Buttercup's Baby has been a running joke since the original novel was published. I think at one point you could actually write to the publisher and have it sent to you, but instead of a book you got a letter of apology explaining that it didn't exist.
The first chapter of Buttercup's Baby is in one of the later editions.
Yeah, no, apparently Goldman has been trying for a while to write a sequel, but it never works.
His quibbles are my quibbles!
That reviewer calls it thoughtful, which I just can't. Way too much handwavium, and no little bullying of the audience to just stop thinking so hard and just shut up and accept the ride.
Even though the ending risked going up in literal flames, hell, I'd call the ultimate failure of Sunshine more thoughtful than this seemed to be. They both collapse under their own weight, but Sunshine sure went out of its way to tip the whole thing over, whereas Looper just doesn't have a stable base.
I loved the moment (in Looper) when the door opened (that could have a couple ways to finish the sentence, huh?) to reveal Garrett Dillahunt. Raising Hope aside, the audience knew shit just got a whole lot realer, and reacted appropriately.
Tim Burton: How did it all go so wrong so fast?
I saw a lot more character growth of the main character in Looper than Drive.
I don't know, I don't see all that much in Looper either. It's slight change on one axis.

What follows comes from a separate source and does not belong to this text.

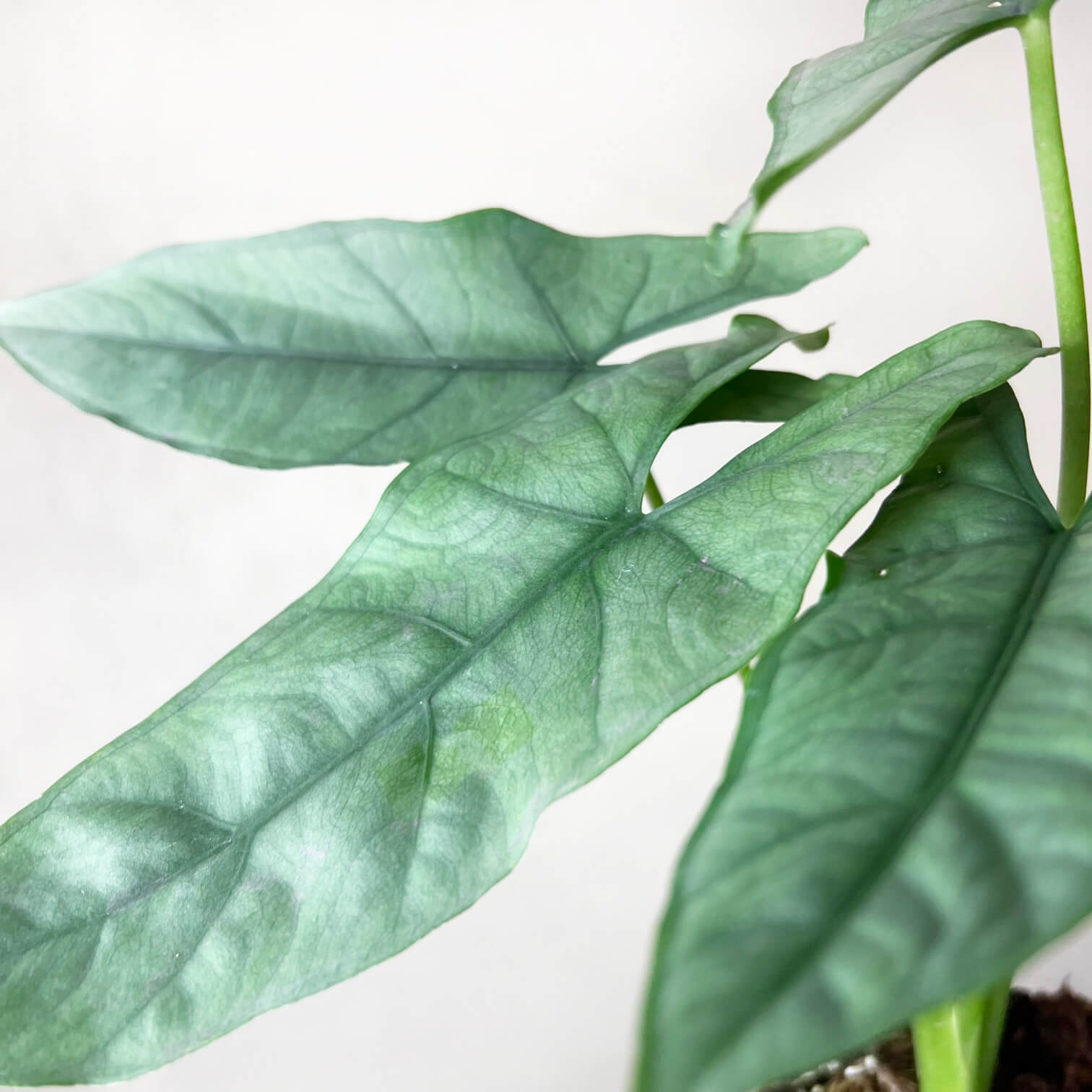 Alocasia Heterophylla Silver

Does Drive have the logical consistency of a wet piece of toiler paper, which runs the risk of undermining any narrative arcs they're trying to convey?

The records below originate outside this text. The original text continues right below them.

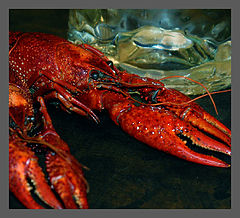 фото "Crawfish"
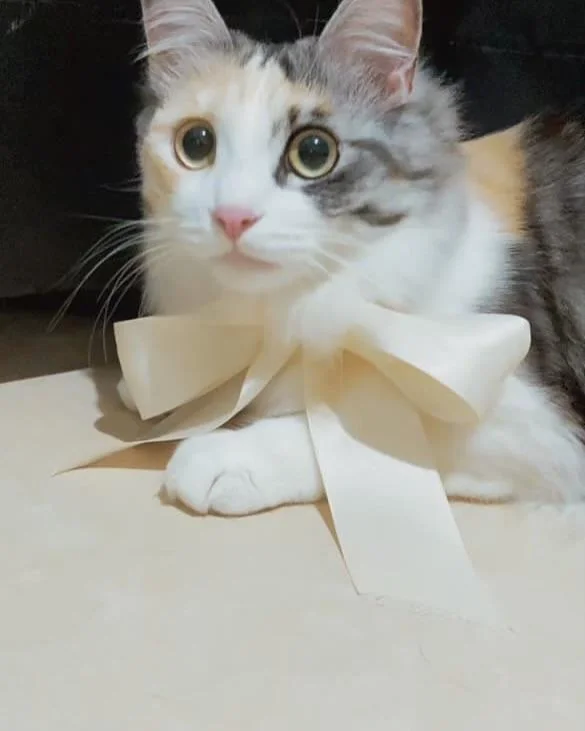 Cat 65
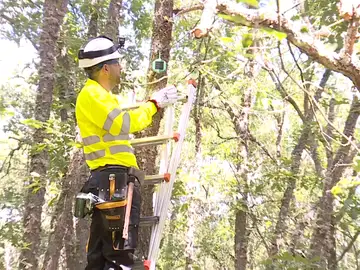 Especialistas colocando sensores anti-incendios en Soria Especialistas colocando sensores anti-incendios en Soria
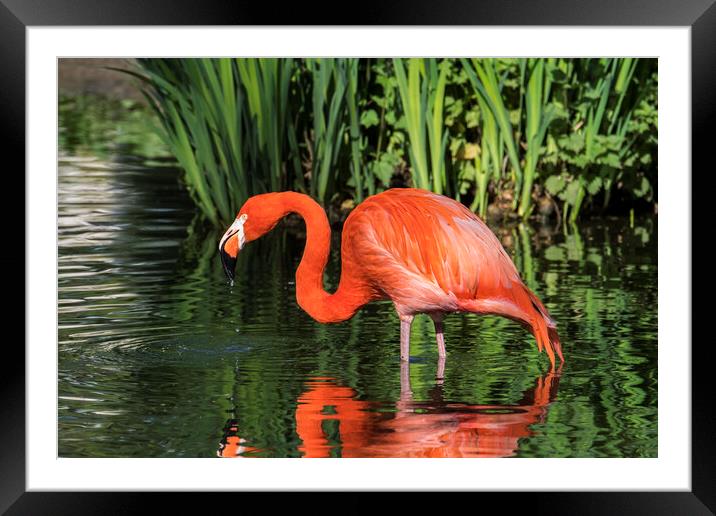 American flamingo Framed Mounted Print by Arterra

I would say no, but I wouldn't describe Looper that way either so I doubt my verdict is of much use.
Strega,
just going from the final acts of the main character in both movies, don't you find that watching them involved a lot more movement of the character and his worldview and individual perspective about life in Looper than in Drive?
I mean in Looper, you have the character greeting himself so you know the two ways he could live his life. He was a seriously selfish asshole until he hit middle-age (and even then, I would gather he was still as self-centered as fuck). Not so in the final act.
In Drive, I didn't get that he was so self-centered. We saw him crush on a cute woman almost from jump street. He didn't vary from that. We first saw him as a driver and he ended as a driver. Sure he committed some acts of violence in between, but his main love always remained. I saw the main character of Drive as someone who acted as mostly a response to circumstances, where in Looper, he very much created and acted upon the circumstances.
Strega, you didn't think Looper had little logical consistency, or you think it had enough to get by?
I thought Looper had jst enough to get by. I was taken enough by the characters and some of the world-building that I didn't mind doing some hand-waving.